これは余談だが、私は今なおいわゆる「阿鼻叫喚」系の演奏は、この「大地の歌」に関しては抵抗がある。 例えばバーンスタインの演奏は、こと「大地の歌」についてはマーラーの晩年の様式 みたいなものを「吹き飛ばして」しまっていないか、という疑念から私は逃れられないでいる。 バーンスタインは、この曲に込められた内容に関しては、最後の部分でマーラーに同意していないのでは なかろうか。そして他の演奏家ならそれでもいいのだが、バーンスタインのようなタイプの演奏家に 限っては、そうした齟齬が致命的なものになるのでは、という気がしている。

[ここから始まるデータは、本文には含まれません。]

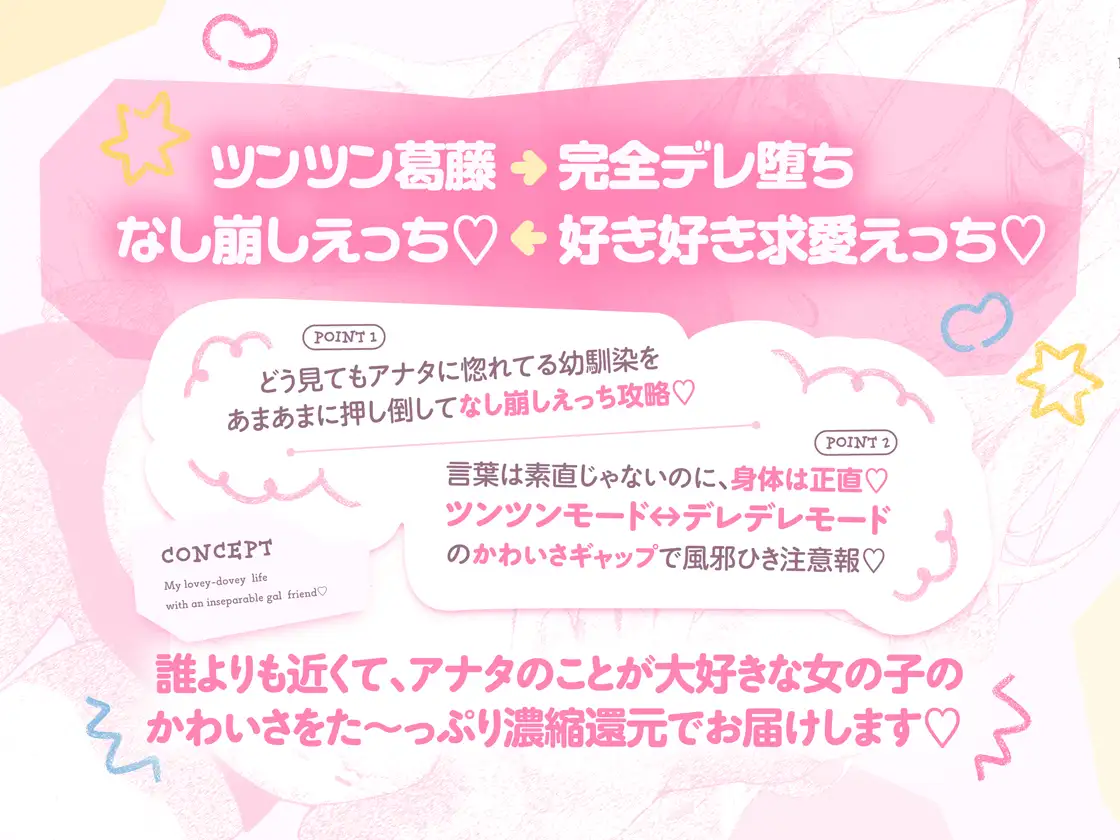 「絶対に、アンタとは付き合わないから。」腐れ縁ギャルとなし崩し葛藤えっち←→完全デレ堕ち好き好き攻略えっち♡【好意ダダ漏れ&よわよわ抵抗♡】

もっとも、私は現時点では「究極の演奏」に巡りあうべく色々な演奏を聴き比べることには 関心が持てなくなっているので、だからどの演奏がいい、というのはない。結局は「究極の演奏」も また私の主観的な嗜好の監獄から自由ではありえない。バーンスタインについて如何にも否定的に書いたが、 だからといってバーンスタインの演奏が「間違いだ」というのではないし、「悪い」というのでもない。 単に、私が「大地の歌」の音楽から受け取れると思っているものが、バーンスタインの演奏からは 聴き取れないというだけの話である。

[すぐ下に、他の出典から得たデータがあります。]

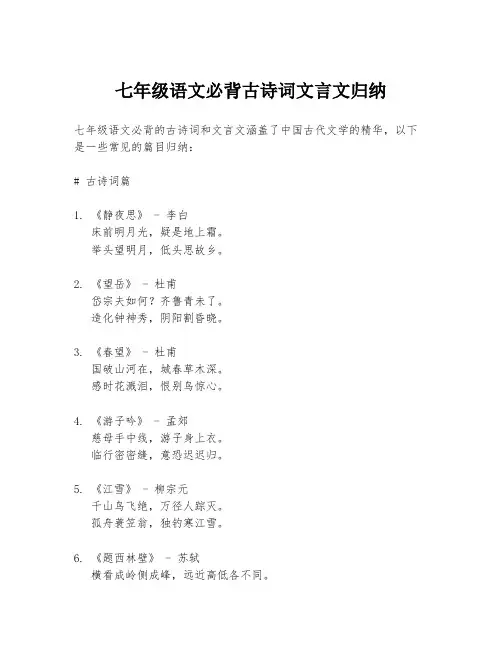七年级语文必背古诗词文言文归纳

更に言えば、ここで書きとめている「大地の歌」に対する見方も、これが「正解」である、 と考えているわけではない。これは「客観性」「真理」を追求することを要求される学問的な 性質のものではない。音楽の受容に関しては、そうした客観性と、自分の経験の質に忠実であろうと する志向が両立しうるかどうか、私には自明とは思えないのである。そしてとりあえず、どちらを とるかと言われれば、私は後者なのだ、ということなのだと思う。